▶ **YOUR ASSIGNMENT**: For every line in the records that has the word "album", make a copy.

[RECORDS FOR THE EXERCISE]

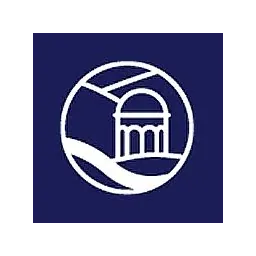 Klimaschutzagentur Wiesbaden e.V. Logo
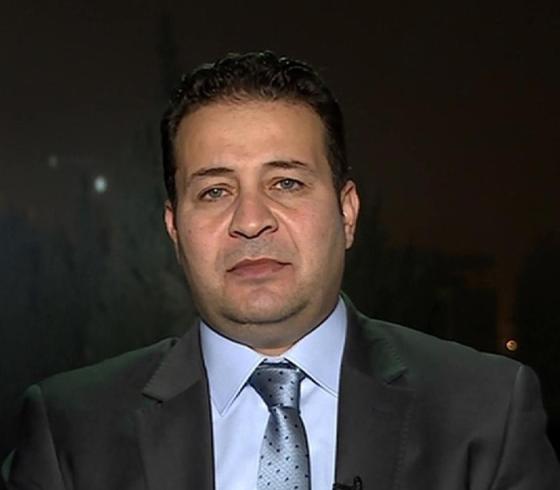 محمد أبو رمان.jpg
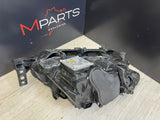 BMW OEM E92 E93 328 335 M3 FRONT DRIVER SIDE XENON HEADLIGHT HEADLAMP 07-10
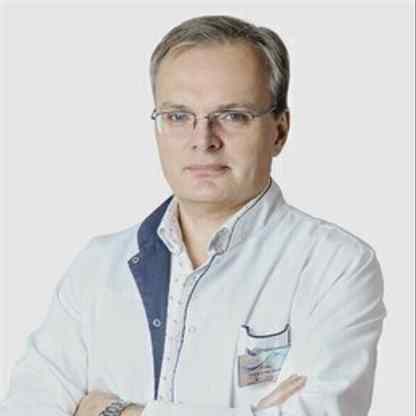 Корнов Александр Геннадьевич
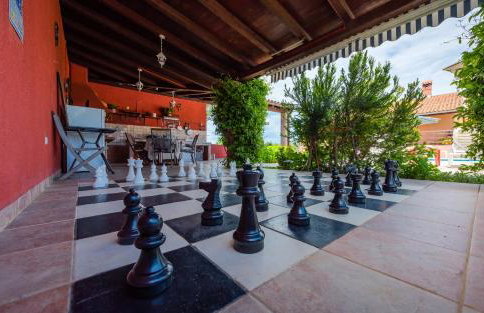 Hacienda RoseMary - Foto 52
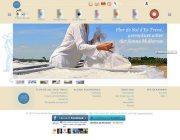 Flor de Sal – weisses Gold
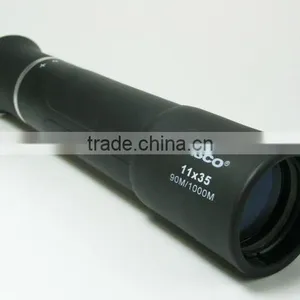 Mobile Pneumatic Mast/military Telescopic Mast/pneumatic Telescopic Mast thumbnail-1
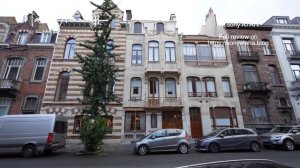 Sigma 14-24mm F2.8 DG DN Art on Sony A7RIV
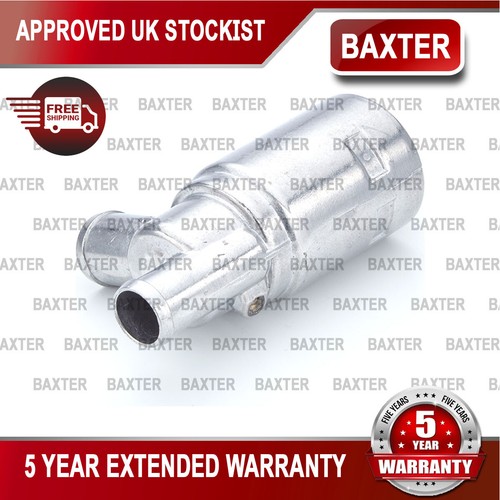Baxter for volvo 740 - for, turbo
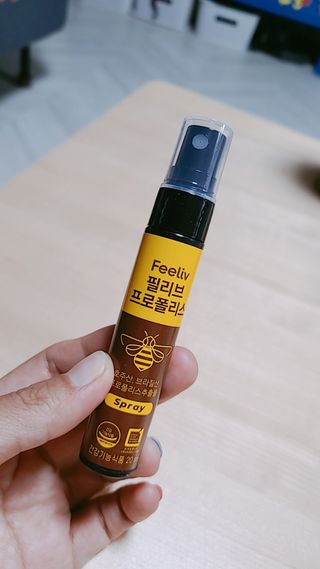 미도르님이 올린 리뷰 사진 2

[/RECORDS FOR THE EXERCISE]
[RECORDS FOR THE EXERCISE]

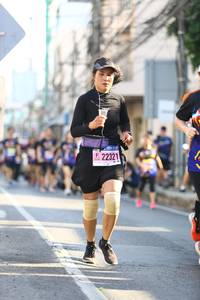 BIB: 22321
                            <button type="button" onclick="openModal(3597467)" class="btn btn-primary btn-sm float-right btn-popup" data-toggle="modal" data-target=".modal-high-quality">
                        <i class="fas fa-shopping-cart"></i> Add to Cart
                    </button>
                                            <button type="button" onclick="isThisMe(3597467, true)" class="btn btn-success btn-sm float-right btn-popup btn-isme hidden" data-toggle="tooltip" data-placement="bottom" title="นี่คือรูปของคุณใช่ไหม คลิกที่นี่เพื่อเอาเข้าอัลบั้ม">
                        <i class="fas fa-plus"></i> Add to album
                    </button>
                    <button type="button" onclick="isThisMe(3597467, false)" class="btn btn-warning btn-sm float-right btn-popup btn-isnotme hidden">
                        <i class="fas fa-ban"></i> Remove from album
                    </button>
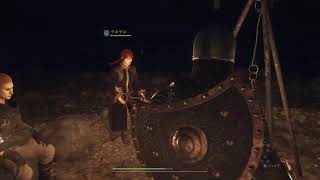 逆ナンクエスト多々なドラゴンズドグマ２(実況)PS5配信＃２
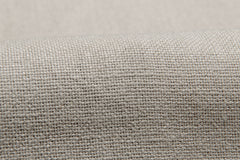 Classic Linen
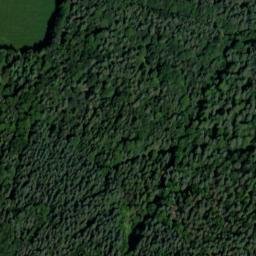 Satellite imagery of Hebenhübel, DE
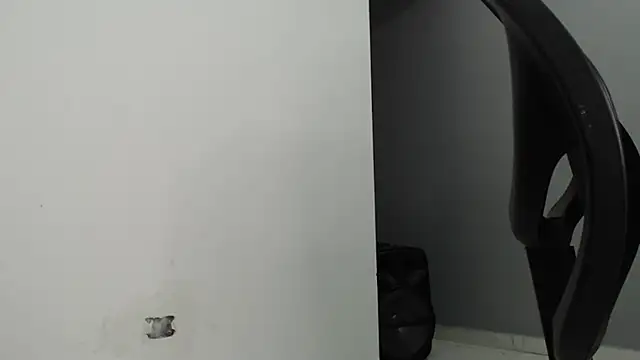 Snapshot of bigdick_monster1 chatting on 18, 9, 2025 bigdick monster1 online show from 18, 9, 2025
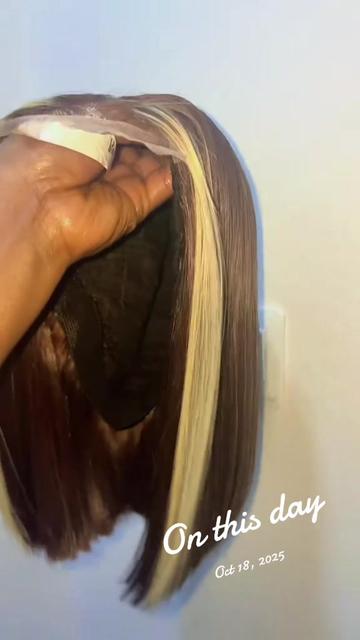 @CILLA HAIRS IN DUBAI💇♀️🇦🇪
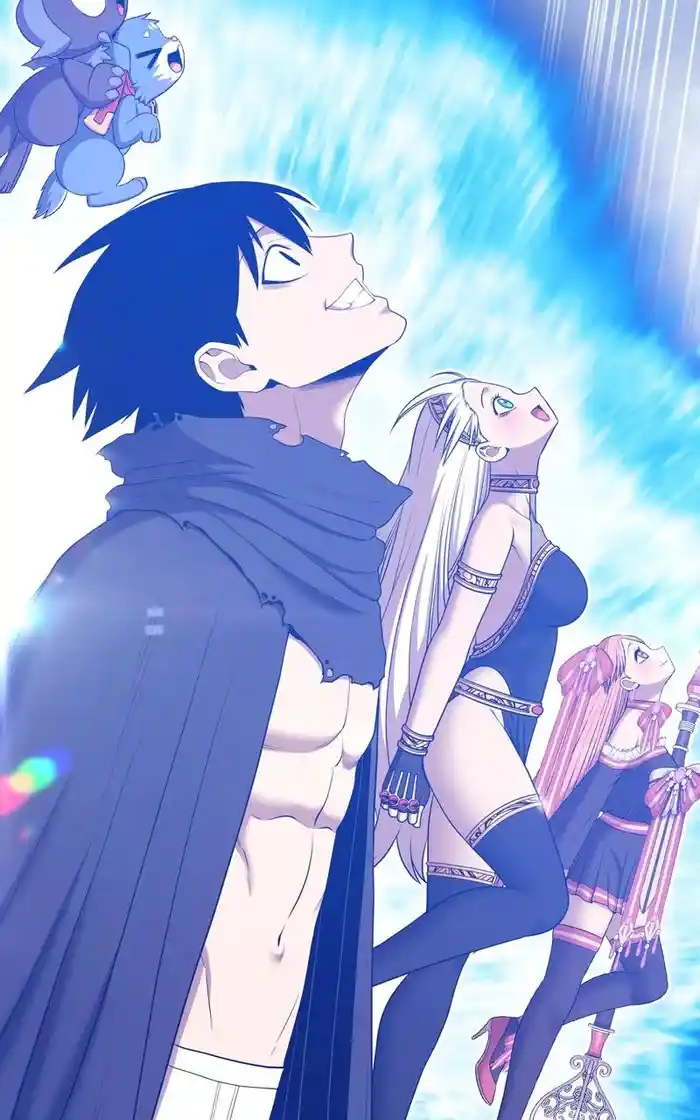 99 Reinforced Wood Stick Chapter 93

[/RECORDS FOR THE EXERCISE]
[RECORDS FOR THE EXERCISE]

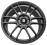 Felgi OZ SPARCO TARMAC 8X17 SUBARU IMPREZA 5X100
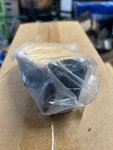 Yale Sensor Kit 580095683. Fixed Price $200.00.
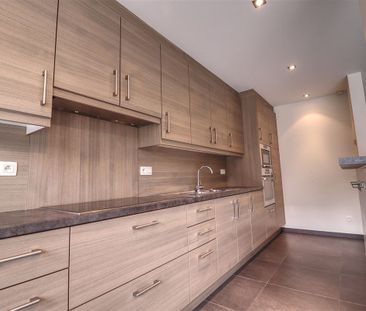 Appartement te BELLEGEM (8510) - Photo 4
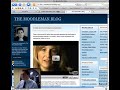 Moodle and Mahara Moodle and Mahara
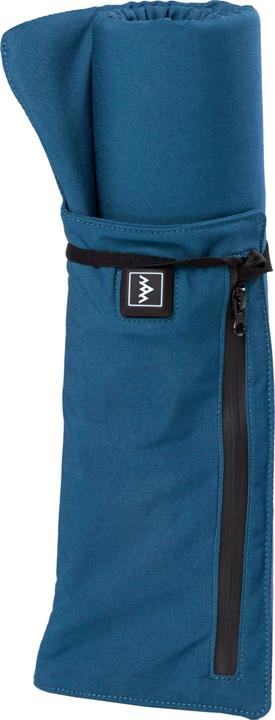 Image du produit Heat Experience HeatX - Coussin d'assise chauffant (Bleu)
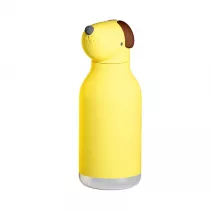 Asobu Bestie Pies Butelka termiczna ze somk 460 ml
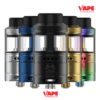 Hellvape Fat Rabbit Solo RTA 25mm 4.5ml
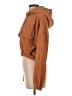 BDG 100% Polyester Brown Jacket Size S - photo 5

[/RECORDS FOR THE EXERCISE]

▶ **YOUR SOLUTION**:
                        <i class="fas fa-plus"></i> Add to album
                        <i class="fas fa-ban"></i> Remove from album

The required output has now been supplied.